En deuda con los pieles rojas
Reivindicar el trabajo de millares de técnicos y obreros anónimos tras las históricas misiones Apolo es el propósito de un reportaje en la revista SCIENCE que, sin desdeñar el papel protagónico de héroes como Neil Armstrong y Buzz Aldrin, pone énfasis en las mujeres de la tribu Navajo que ensamblaron los circuitos integrados que miniaturizaron el tamaño de las computadoras.
Los mismos que permitirían a las naves espaciales arrancar con estruendo de Caño Cañaveral para cumplir sus extraordinarias hazañas.
Aquellos microchips de reciente invención provinieron de la empresa Fairchild Semiconductor, de Silicon Valley, que estimulada por los incentivos fiscales y la búsqueda de mano de obra barata abrió en 1965 una planta en la reserva Navajo de Shiprock en Nuevo México.
Para una labor de filigrana que más de mil mujeres realizarían durante la década siguiente, apoyadas en la similitud de tan delicada tarea con la artesanía ancestral de su pueblo, sin que fuese después reconocida a plenitud su contribución a la carrera espacial.
Raza y género se unieron para regatearles el debido reconocimiento y ha habido que esperar hasta medio siglo más tarde para que un equipo de ingenieros, técnicos y comunicadores organizara un seminario, contrarrestando el desdén que aquella faena presuntamente simple, femenina y artesanal mereció entonces vis-a-vis el trabajo masculino, de alta tecnología y muchísimo mejor remunerado, que acaparó todos los laureles en el informe de la NASA sobre las bondades del programa.
Nada nuevo bajo el sol, lamentablemente, porque igual suerte sufrió la colaboración de los indígenas al esfuerzo bélico estadounidense en ambas guerras mundiales.
De la veintena de soldados chocktaw que asistieron en Francia como codificadores en la ofensiva de Meuse-Argonne en el otoño de 1918, utilizando una lengua que era mientras tanto proscrita en las escuelas de la tribu en Oklahoma, trasmitiendo textos impenetrables para el enemigo prusiano; o los marines Navajos cuyos mensajes pusieron de cabeza a los japoneses en el Pacífico a partir del ataque a Pearl Harbour.

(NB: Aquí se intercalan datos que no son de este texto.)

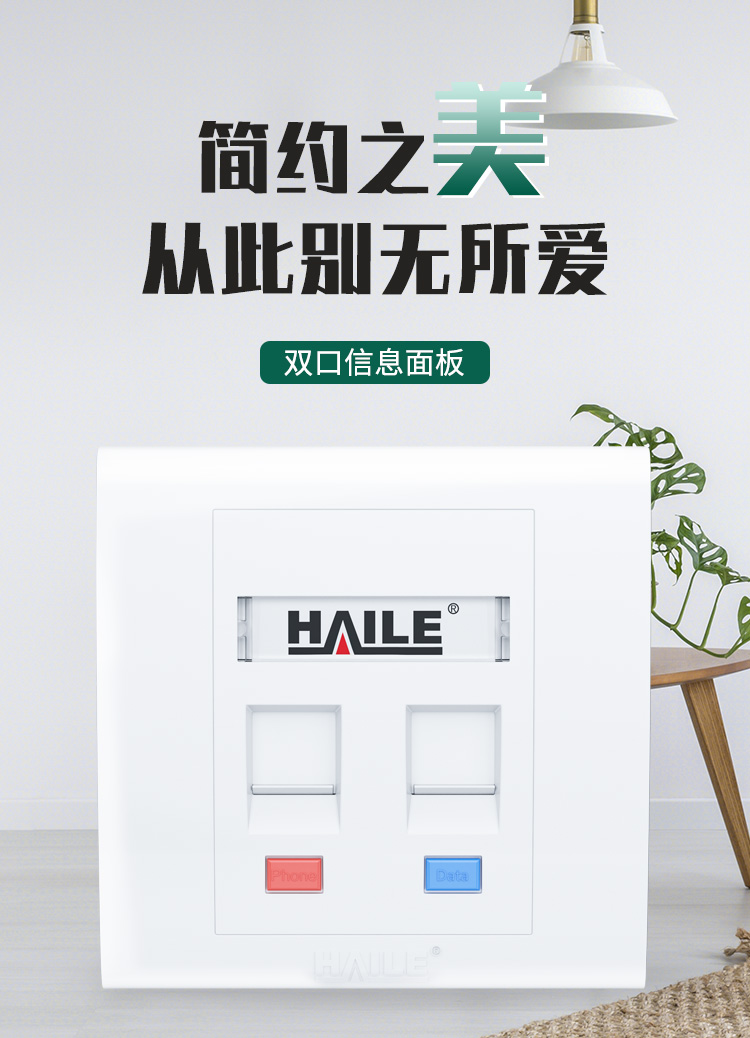 海乐（Haile）86型双口网络信息面板HT-8602 网线插座/电脑插座/网络信息插座 白色_http://www.haile-cn.com.cn_铜缆布线_第1张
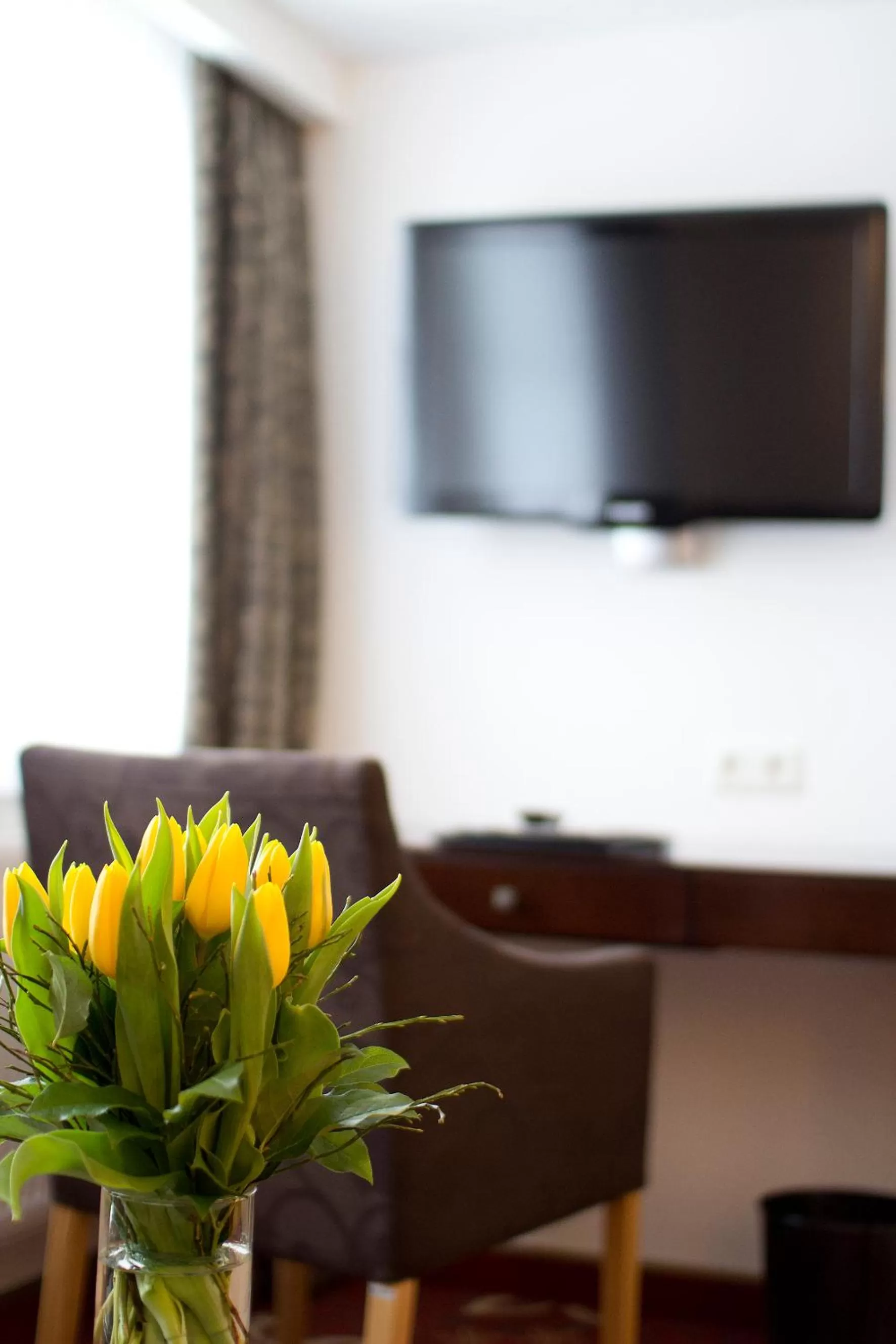 TV and multimedia in Hotel Jagdhaus Wiese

En total, más de doce mil indígenas combatieron en ambas guerras, pero hubo que esperar medio siglo antes de que el Gobierno francés otorgase la Orden Nacional al Mérito a los locutores chocktaws y comanches, y hasta 2008 cuando el Congreso en Washington promulgó la Ley de Reconocimiento de Locutores de Claves y los gobiernos tribales recibieron medallas de oro, la distinción civil de mayor rango en los Estados Unidos, y cada veterano una medalla de plata.
Chester Nez, el último superviviente de aquellos héroes anónimos, falleció en 2014 en una reserva de Nuevo México, a los 93 años de edad.